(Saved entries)
»»
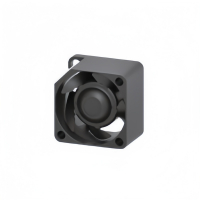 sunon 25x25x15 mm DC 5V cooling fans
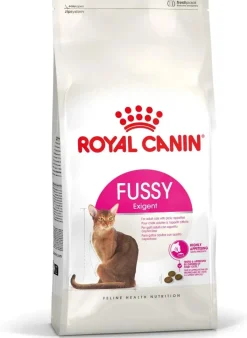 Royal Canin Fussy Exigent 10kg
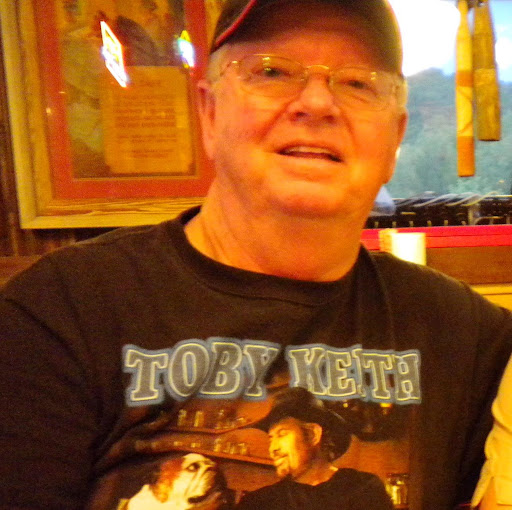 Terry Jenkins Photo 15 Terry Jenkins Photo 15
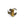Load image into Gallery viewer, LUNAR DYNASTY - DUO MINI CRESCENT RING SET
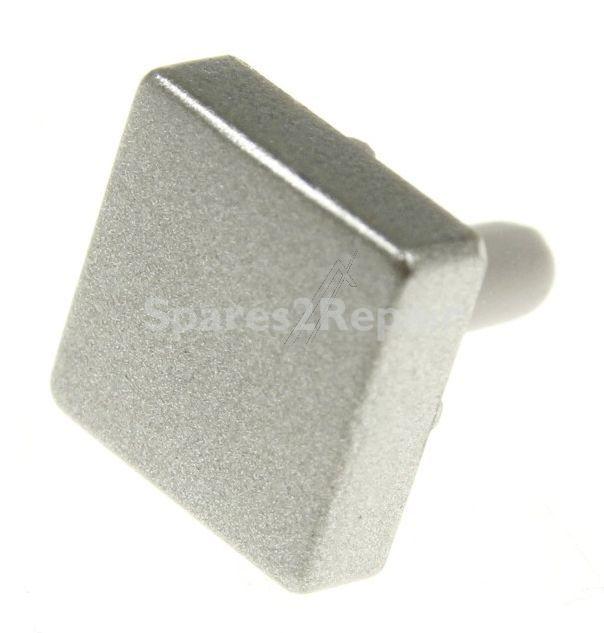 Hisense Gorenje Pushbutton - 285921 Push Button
««
**ASSIGNMENT:** Your answer must be an exact copy of the lines above, from the line that contains "Load image into" through the final line, with no pictures in it.

**ANSWER TO THE PROBLEM:**
Load image into Gallery viewer, LUNAR DYNASTY - DUO MINI CRESCENT RING SET
 Hisense Gorenje Pushbutton - 285921 Push Button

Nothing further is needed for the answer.